C’est donc pour ainsi dire dans la  mare de sang recueilli par le trou béant de l’explosion que la centralisation des résultats, leur vérification et leur proclamation par la Commission électorale nationale indépendante a commencé la nuit de dimanche au fur et à mesure que les données électorales étaient acheminées des bureaux de vote au palais des Congrès de Niamey en transitant par les commissions communales et régionales.

De Mohamed Bazoum du Parti nigérien pour le développement et le socialisme (PNDS-Tarraya) ou de Mahamane Ousmane du Renouveau démocratique et républicain (RDR-Tchandji), qui aura donc la faveur des urnes pour succéder à Mahamadou Issoufou début avril à la faveur de la toute première passation pacifique et démocratique du pouvoir ? Même si le candidat de la majorité a toujours fait office de super favori, particulièrement depuis le ralliement dans l’entre-deux-tours de poids lourds à sa cause, jusqu’à hier en début de soirée, il était en réalité difficile de répondre de façon formelle à cette question tant les chiffres diffusés jusque-là étaient encore partiels et même trop parcellaires (seulement une centaine de communes sur les 26 000 que compte le territoire) pour qu’une tendance lourde s’en dégage.

Qu’à cela ne tienne, le premier président démocratiquement élu du Niger en 1993, un certain Mahamane Ousmane, qui désespère de retrouver son fauteuil perdu en 1996 par suite de coup d’Etat, comme s’il sentait déjà passer le vent du boulet, n’aura même pas attendu le début de la publication des résultats pour tenir des propos comminatoires, son devoir civique à peine accompli. « Le suffrage des citoyens doit être respecté. Si jamais les citoyens constatent que ces élections ont de nouveau été truquées, je crains que la situation soit difficile à gérer », a-t-il en effet menacé depuis son fief de Zinder où il a voté ; alors que la plupart des observateurs indépendants s’accordent à dire que le scrutin a été libre, transparent et mieux organisé que le tour précédent.

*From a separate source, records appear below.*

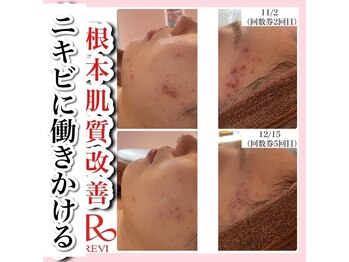 ホワイトアクア 新宿本店(WHITE AQUA)/ハーブピーリング/東京/新宿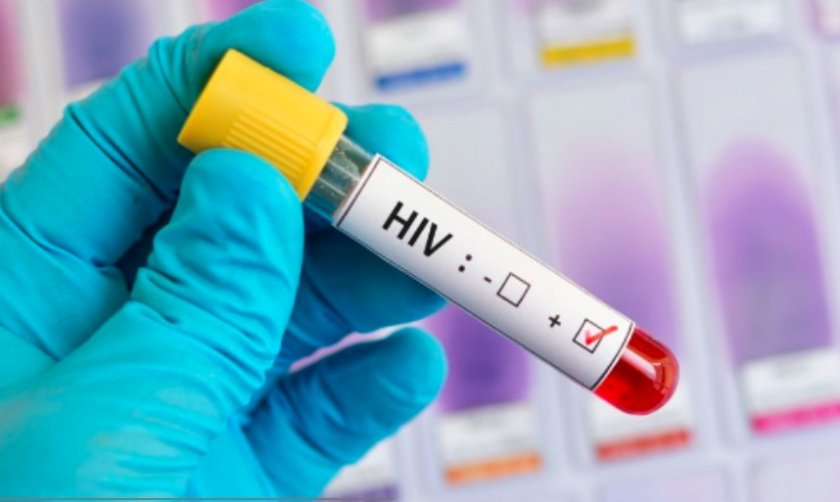 Лекар: 170 души у нас са болни и от ХИВ и от сифилис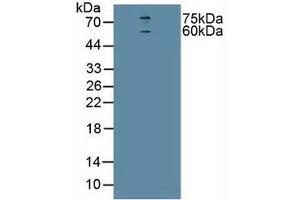 Detection of CHRNa4 in Human U-87MG Cells using Polyclonal Antibody to Cholinergic Receptor, Nicotinic, Alpha 4 (CHRNa4)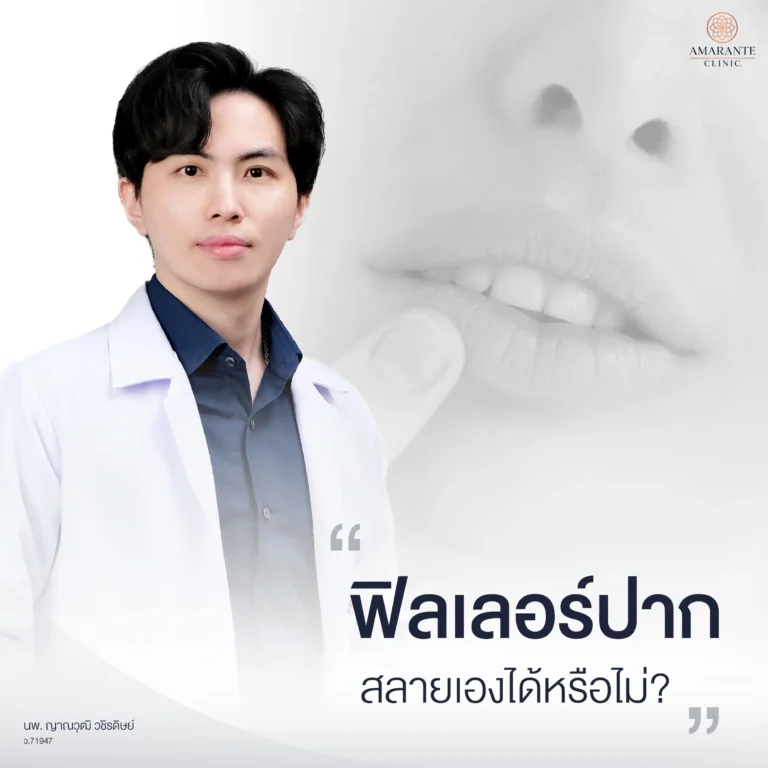 ฟิลเลอร์ปาก สลายเองได้ไหม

Il faut de ce fait espérer qu’en chauffant ainsi à blanc ses partisans pour défendre leur plus qu’improbable « victoire », il ne sera pas le Donald Trump nigérien qui va troubler la quiétude sociale et que, du haut de ses 71 ans, la sagesse prévaudra en fin de compte s’il devait échouer. Aucun fauteuil, soit-il le plus moelleux de la république, ne mérite qu’on mette le feu au pays alors que Dargol vient de nous rappeler de la manière la plus sanglante où se trouve l’urgence au-delà des ambitions personnelles inassouvies.

En tout état de cause, il est certain que, pour leur part, les Guinéens ne feront aucune grise mine au cas où les quatre millions d’Euros qu’Alpha Condé a tirés de leurs veines pour donner à M. Mahmane Ousmane prendraient le chemin de la perdition. Ils y sont largement habitués.